Tales son las paradojas y ambigüedades entre las que fluctúa nuestro mundo pretendidamente cuerdo, más cercano al bizarro Mundodisco de lo que nadie desearía, como se ha podido comprobar. Un mundo en el que un rico inteligente puede, de ser ése su deseo, llevar su propio estilo de vida de pobre, gastando solo esporádicamente en bienes perdurables que no van a necesitar reemplazo en mucho tiempo, mientras el auténtico pobre se ve abocado a un mercado en el que la oferta está copada por trampas literales de las que nadie le defiende, y del que no puede salir por la celda que forman sus necesidades perentorias, sus bajos ingresos y su capacidad nula de ahorro.
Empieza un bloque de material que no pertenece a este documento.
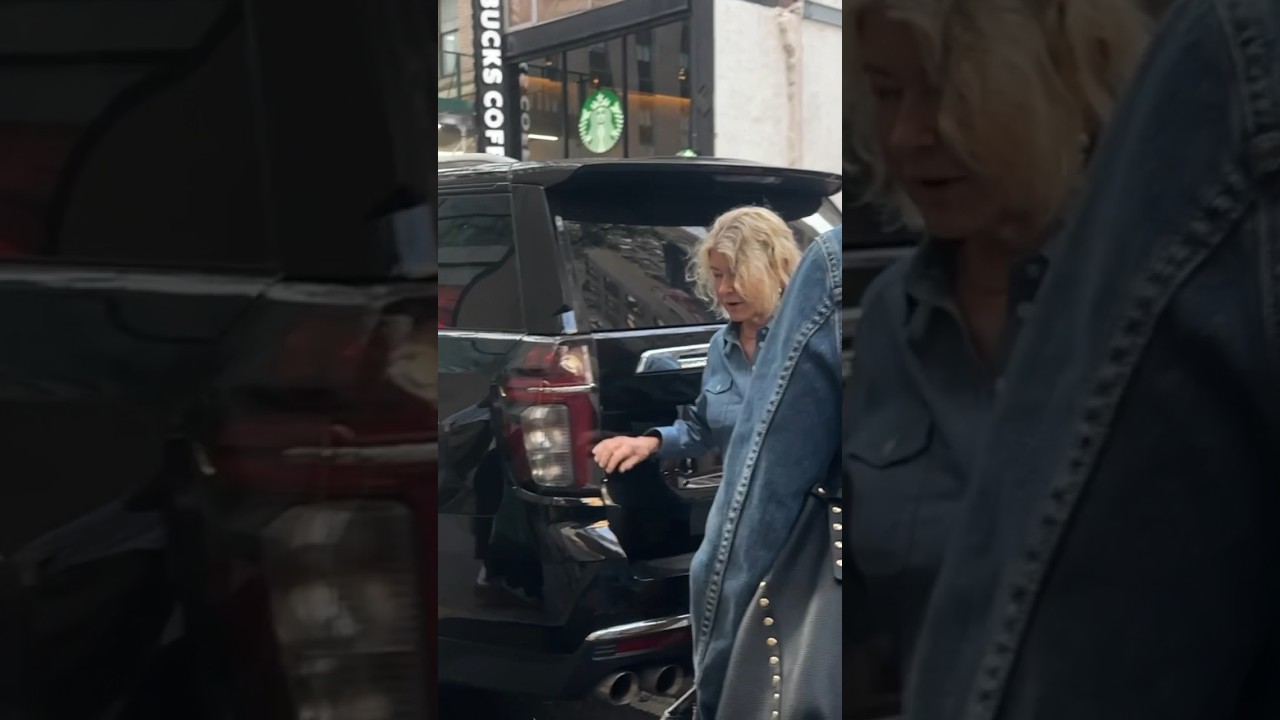 Martha Stewart seen make-up free arriving at NBC studios #marthastewart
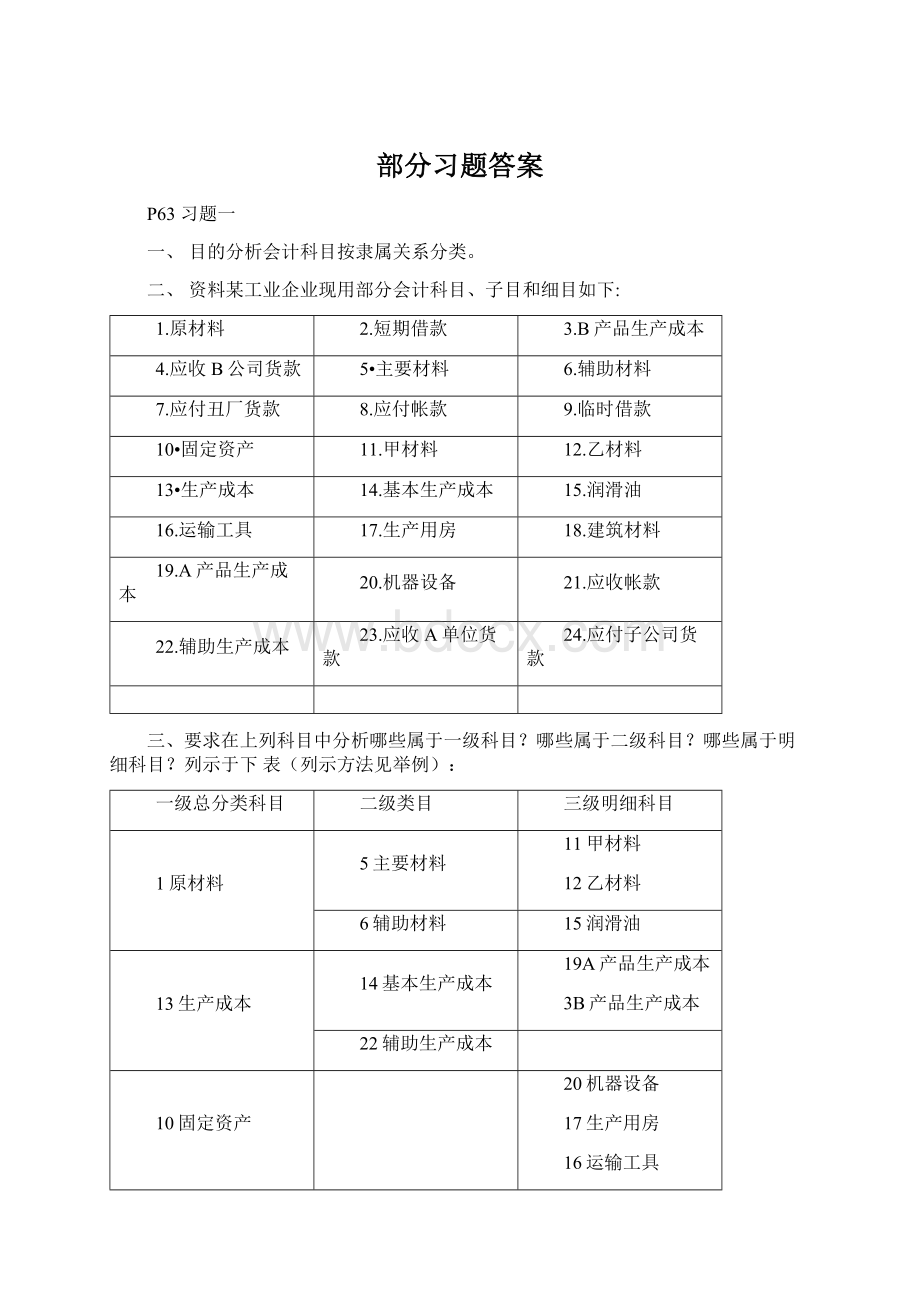 部分习题答案Word文档格式.docx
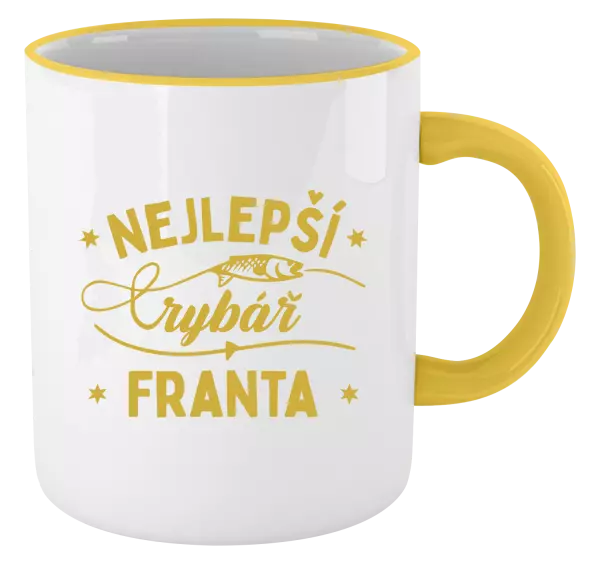 Hrnek Nejlepší rybář se jménem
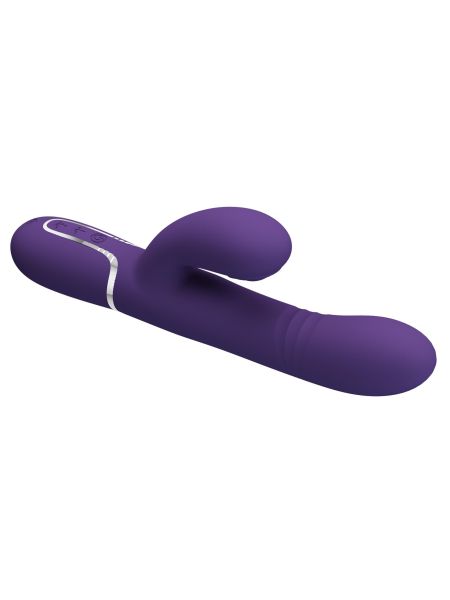 PRETTY LOVE - Mariana dark purple, 7 vibration functions, 7 thrusting settings, 4 rolling functions,4 nodding functions - 5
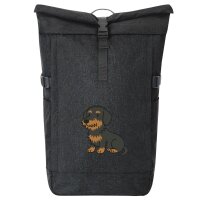 Kurierrucksack Rauhaar Dackel Sausage Dog Comic 30-44...
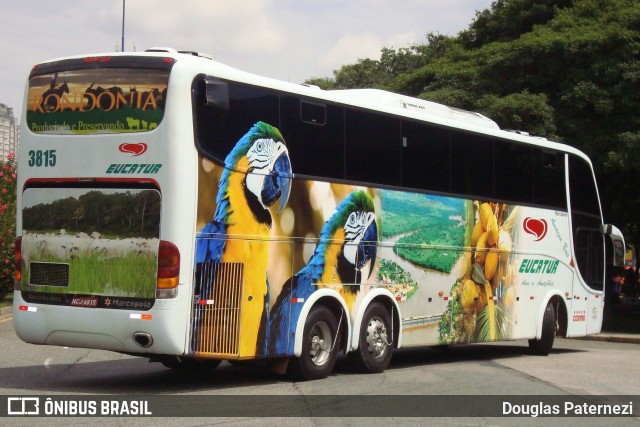 Eucatur - Empresa União Cascavel de Transportes e Turismo 3815 na cidade de Curitiba, Paraná, Brasil, por Douglas Paternezi. ID da foto: 5989727.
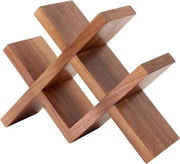 Wine rack in legno di quercia per 4 bottiglie - wine rack - contenitore per bottiglie di bevande - home bar - cucina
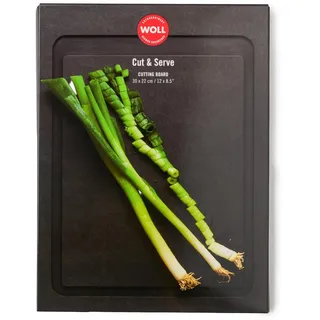 WOLL Cut & Serve Schneidebrett Kunststoff 1-tlg. 30 x 22 cm Schwarz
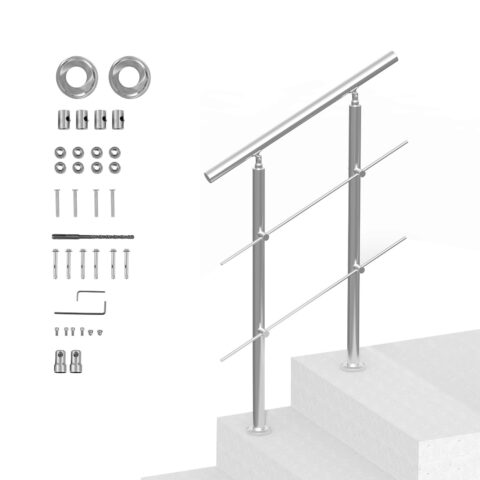Handrails for Outdoor Steps, 80 cm, 99,8 kg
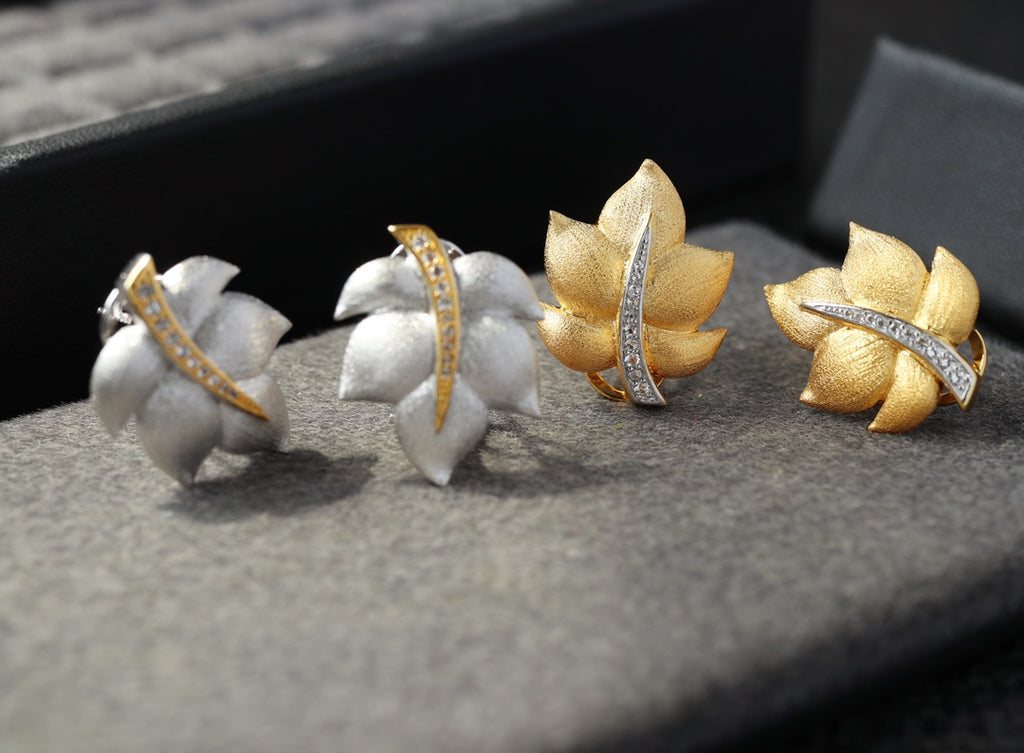 Silky Leaf Earrings 6448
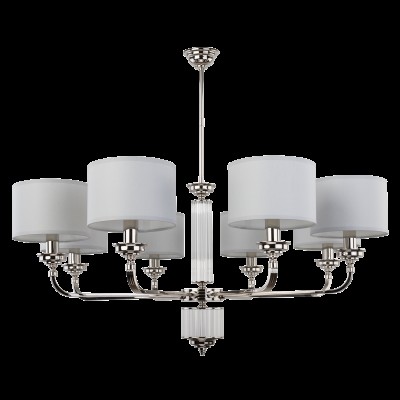 Candelabru 8 brate modern realizat manual Verde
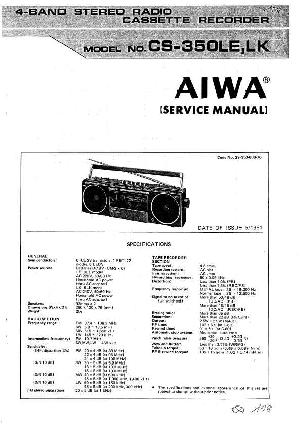 Сервисная инструкция Aiwa CS-350LE ― Manual-Shop.ru
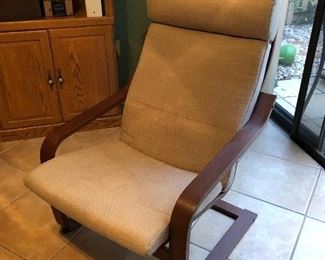 One of several accent chairs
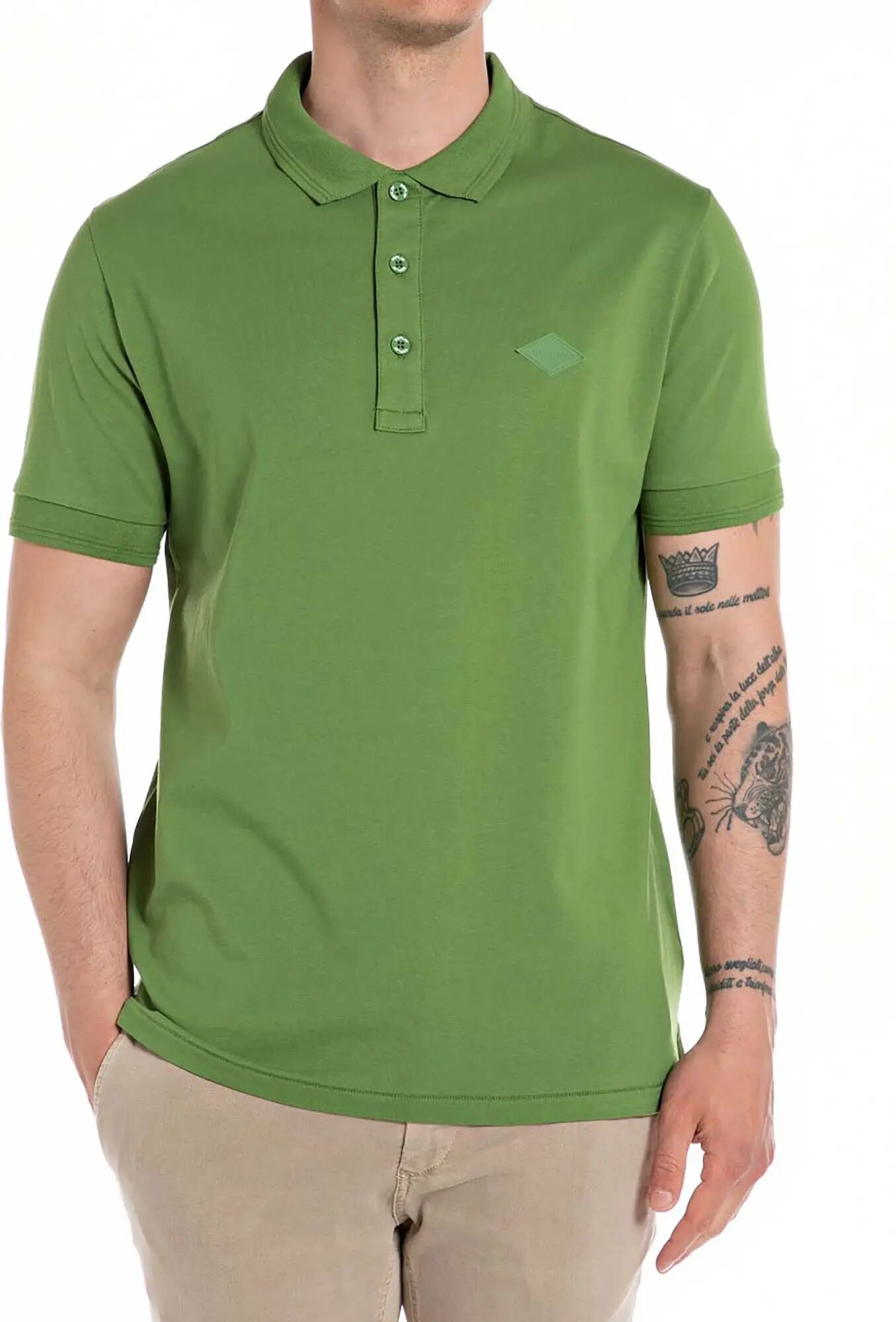 Replay Polo Uomo Colore Verde VERDE S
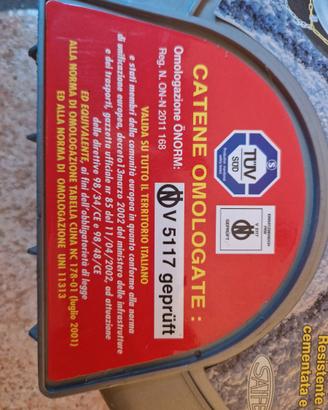 Catene da neve Teknica ( Rhutten)nuove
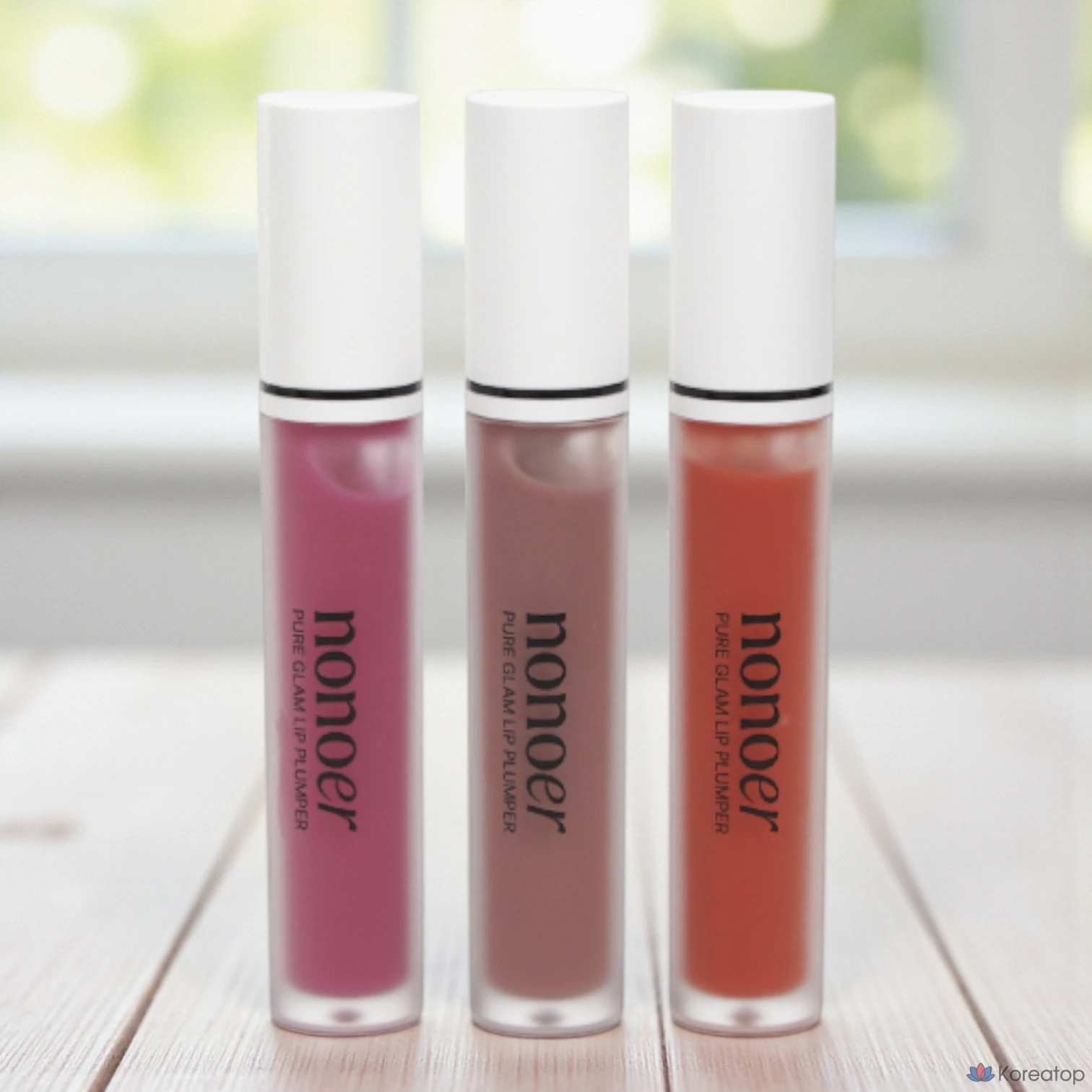 Nonoor Pure Glam Lip Plumper, 4,5 г, 3 цвета, блестящий прозрачный цвет, придающий объём губам, глянцевый, придающий им густоту, охлаждающий эффект с низким уровнем раздражения, высоковязкое масло, прозрачное покрытие, силиконовый наконечник, 1 шт., 003 Коралловый блеск, фото 2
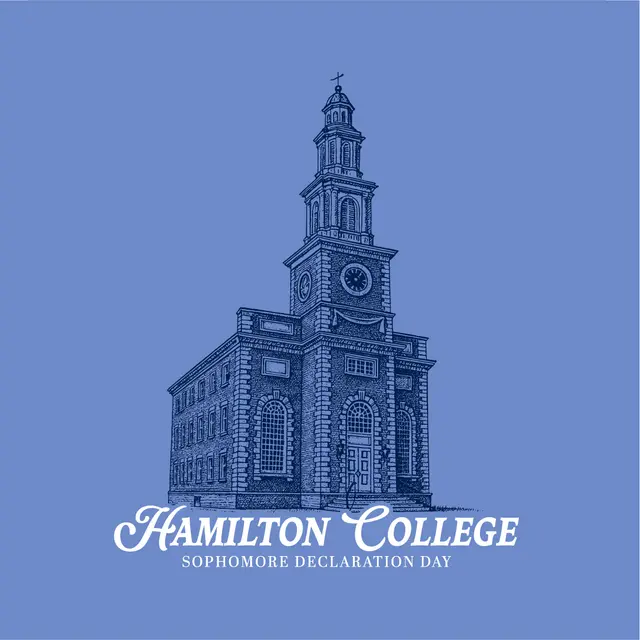 Hamilton College Building Sketch Sophomore Day Hoodie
Y, como ricos inteligentes hay menos de los que cabalmente serían de esperar (por aquello de que, pese a lo que se diga, el camino a la opulencia no es una meritocracia), acabamos por ser testigos simultáneamente de niveles de derroche absolutamente obscenos y de economías dantescamente limitadas conviviendo, metafóricamente, puerta con puerta.

Esto, dirán los cínicos, es la definición de cualquier época presente o pasada. Y razón no les falta. Es la visión del precipicio cada vez más grande, oscuro e incierto que se abre entre ambos lo que me inquieta. Nuestra era es aquella en que un único individuo ha podido pagar de su bolsillo una excursión espacial sin que ello, y esto es lo importante, haya afectado en lo más mínimo a su fortuna, su tren de vida o su capacidad adquisitiva, mientras la vastísima mayoría de sus contemporáneos tienen que sacar una calculadora para ver si pueden afrontar la compra de algunos huevos de más. Y mejor no hablar del estado de la miseria y la pobreza extremas, que sigue como ha estado siempre y es lo que ha sido desde el inicio de los tiempos: el mejor indicador de que, como especie, nos hemos conformado con “una paz que es ausencia de conflicto en vez de presencia de justicia”, parafraseando a Martin Luther King.

“Ojalá vivas tiempos interesantes” es, según Pratchett, una antigua maldición china. Terrible sin duda. Y vaya si los estamos viviendo.